Chapter Six – Never Again…
They reach the hospital and a nurse and an overweight administrator start asking Joey questions he doesn’t know the answer to. I don’t know why Maya specifically noted that he was overweight, but I suspect it’s because her father’s a doctor and she’s probably basing the character on someone she knows, which amuses me.
On the other hand, you’d think that Maya’s father being a doctor would prevent ridiculous errors like this one: without treating Maya at all, they just stick her in a private room by herself. Uh, no. They keep you in the emergency room for at least a little while, and by ‘little while’, I mean a good four to five hours. Minimum. Anyway, this entire scene is only to highlight that Maya was put in room 333.
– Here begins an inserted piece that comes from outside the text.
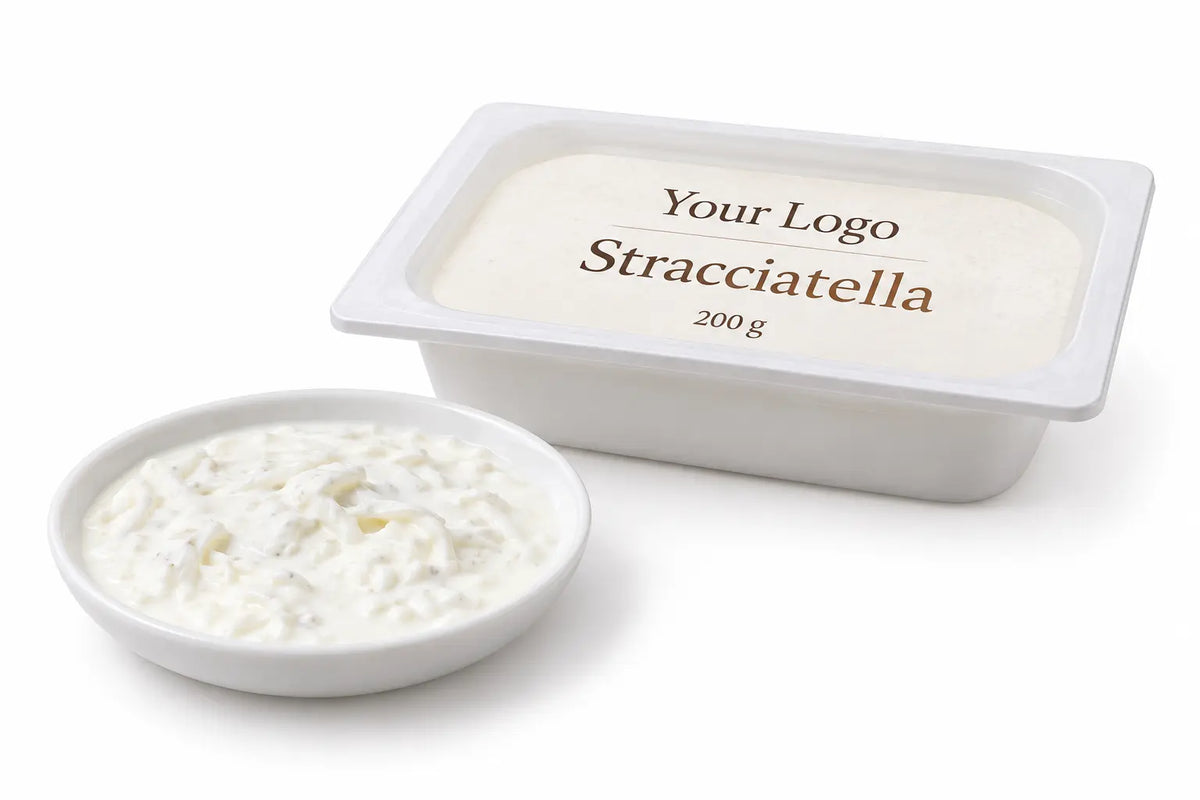 Stracciatella cheese with private label retail tray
When Joey saw that they brought his sister to room 333, he smiled and he thought about the golden City Hall of Selinka, the capital of the Land of Maradonia with its 333 steps…(page 36)
Your sister was just beaten within an inch of her life…and you’re smiling and thinking about Maradonia?
The doctor shows up eventually and Joey has to wait outside. He drifts off and starts thinking about the time he was in Hell and people were screaming for water and he didn’t do jack shit, except without any guilt.
Meanwhile, a chap called Dr. Harrison shows up and he and a nurse take care of Maya and do x-rays. Turns out Maya is in Bethesda Hospital, which is a real place in Florida. Later, Maya’s family shows up, and the doctor confers with them and explains there was no internal bleeding, the bruises and cuts will heal, and they’ve put her left hand into a cast. The problem is her hand is pretty bad and she’ll probably never be able to make a fist again.
Maya’s mom cries and her dad and Joey want to know who did it to her. Maya can’t remember.
“Whatever it takes, I will find out who beat up my sister Maya,” Joey whispered to himself. “I will surely find these individuals…and then, I will perform for them an illusion show they will never forget.” (page 40)
Uh…okay. An illusion show. Scary!
Her family leaves to give Maya some rest and Maya thinks about how she needs to take some self-defense lessons from the warrior spirits of Maradonia because her karate isn’t cutting it. I would agree.
Suddenly Libertine shows up and smiles at Maya through the window, which is weird because birds can’t smile. Libertine flies away and finds Joey and launches into a long explanation. The Land of Maradonia needs their help!
Joey is annoyed and yells that he has bigger fish to fry, since Maya is hurt. Libertine has the perfect answer:
“I understand you Joey…healing is a process!” (page 42)
Libertine continues. Turns out Plouton has arrived and is searching for Maya and Joey. Tomorrow is the secret meeting at Panorama Ravine, which Libertine knows because she knows everything. Apparently the psychics are preparing a Dance Fest with animal sacrifices to honor Plouton, and this is also where they’ll get the final clue to track down Maya and Joey. Libertine warns him that he needs to start using his Tarnkappe. Joey agrees and then his parents holler at him because they need to leave. Um…okay, where was the part about Maradonia needing their help?
When Joey stepped into the car his mother gave him a peculiar look and uttered “I had the feeling that you were talking to a bird.” (page 43)
Which, fair enough, but uttered?
Joey, of course, takes it a step further:
“Yes Mom, I did! I talk all the time to birds, grasshoppers, snakes and many other different animals and believe it or not…they talk to me!” (page 44).
Smooth. Although his parents don’t believe him, so maybe Joey was just being sarcastic.